Dear Mr. President,
The horse has bolted! Snowden in Moscow, headed to Equador, no
extradition and relative safety. So much for our “good partners” in Hong Kong—the
unintended consequences of spying and hacking allies and enemies alike with
arrogance and disdain. So much for the divine right of the all mighty and all powerful
Security State. And so much for your claims of transparency and civil
liberties. I keep wondering if you really believe the lies and obfuscations you
mouth in public, if you’ve come to believe your own stories of justice and truth,
of legality and law, if you don’t sometimes have qualms about the distance
between what you say and what you do. There’s a story in Dreams From My Father, chapter 3, where you father is coming back
to Hawaii to visit and you tell your Punahou school chums about how he is a
prince of his tribe in Kenya and your grandfather is the king and “…a part of
me really began to believe the story but another part of me knew what I was
telling them was a lie…” You described that conflict in yourself so vividly, something
I think we can all relate to and I wonder if you feel that same conflict now as
President or if it no longer bothers you to lie and dissemble, to slide around truth
and justice.
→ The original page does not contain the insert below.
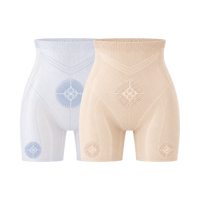 (Ice Blue+Skin Tone)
In the introduction to the 2004 2nd edition of Dreams From My Father, you wrote this: “I
know, I have seen the desperation and disorder of the powerless…how narrow the
path is…between humiliation and untrammeled fury, how easily they slip into
violence and despair. I know that the response of the powerful to this disorder—alternating
as it does between dull complacency and, when the disorder spills out of its
proscribed confines, a steady, unthinking application of force, of longer
prison sentences and more sophisticated military hardware—is inadequate to the
task. I know that the hardening of lines, the embrace of fundamentalism and
tribe, dooms us all.” These words written by you in 2004 are nothing less than
astonishing when compared to your actions as president. I have pondered for
days since reading that passage, how a man who can write those words with such wisdom
and insight can order the assassination of perceived enemies without a qualm,
can ignore the Constitution and the laws of the land with the arrogance and
hubris of a demigod or tyrant, can persecute those who would protect freedom
and democracy and bask in the temporary glow false power. Who are you, Mr.
President? What happened to the man who wrote those words?